Help with proof using induction: $1 + \frac{1}{4} + \frac{1}{9}+\cdots+\frac{1}{n^2}\leq 2-\frac{1}{n}$ [duplicate]

I am having trouble with the following proof:

For every positive integer $n$: $$1 + \frac{1}{4} + \frac{1}{9}+\cdots+\frac{1}{n^2}\leq 2-\frac{1}{n}$$

My work: I have tried to add $\frac{1}{(k+1)^2}$ to $2-\frac{1}{k}$ in the inductive step and reduce it down to $2-\frac{1}{k+1}$ but cannot do so. I am beginning to think that my entire approach is wrong.

Solution 1:

Hint: $\frac{1}{n^2} < \frac{1}{(n-1)} - \frac1n$, and telescope.

Solution 2:

Inductive Hypothesis: suppose $\sum_{k=1}^n \frac{1}{k^2} \leq 2 - \frac{1}{n}$.

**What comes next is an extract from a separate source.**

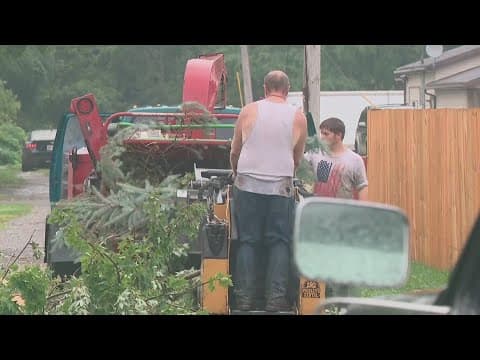 Kenton community members work together to clean up tornado damage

Inductive Step: then suppose $\sum_{k=1}^{n+1} \frac{1}{k^2} \leq 2 - \frac{1}{n} + \frac{1}{(1+n)^2}. $

So it suffices to show that $ - \frac{1}{n} + \frac{1}{(1+n)^2} \leq - \frac{1}{n+1}$.

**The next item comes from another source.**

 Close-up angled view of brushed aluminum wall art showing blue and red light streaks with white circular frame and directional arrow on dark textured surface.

But this, by simple algebra, is equivalent to $ n \leq n+1 $, which is obviously true $\forall n \in \mathbb{N}$.

EDIT Proof that $ - \frac{1}{n} + \frac{1}{(1+n)^2} \leq - \frac{1}{n+1}$ is equivalent to $n \leq n+1$.

Add $\frac{1}{n}$ to both sides to se that what we need to show is $\frac{1}{(1+n)^2} \leq \frac{1}{n} - \frac{1}{n+1} = \frac{1}{n(n+1)}.$ Multiply both sides by $(n+1)$. Then take reciprocals and remember to swap the inequality sign.

Solution 3:

In the induction step observe that $1$+$1/4$ +...+$1/k^{2}$ + $1/(k+1)^{2}$$\leq$ $2$- $1/k$ + $ 1/(k+1)^{2}$

Now $1/(k+1)^{2}$ $\leq$ $1/k(k+1)$=$1/k$-$1/(k+1)$. Use this inequality in previous to obtain the answer.

Solution 4:

Others have commented on using induction. Here's another approach just 'cause:

We know the infinite sum is equal to $\frac{\pi^2}{6}$ which is approximately $1.644$, so we know it is true for $n > 2$ (infinite sum > partial sum with all positive terms)

So we can just hand check $n = 1, 2$: Indeed, $1 \leq 1$ and $\frac{5}{4} \leq \frac{3}{2}$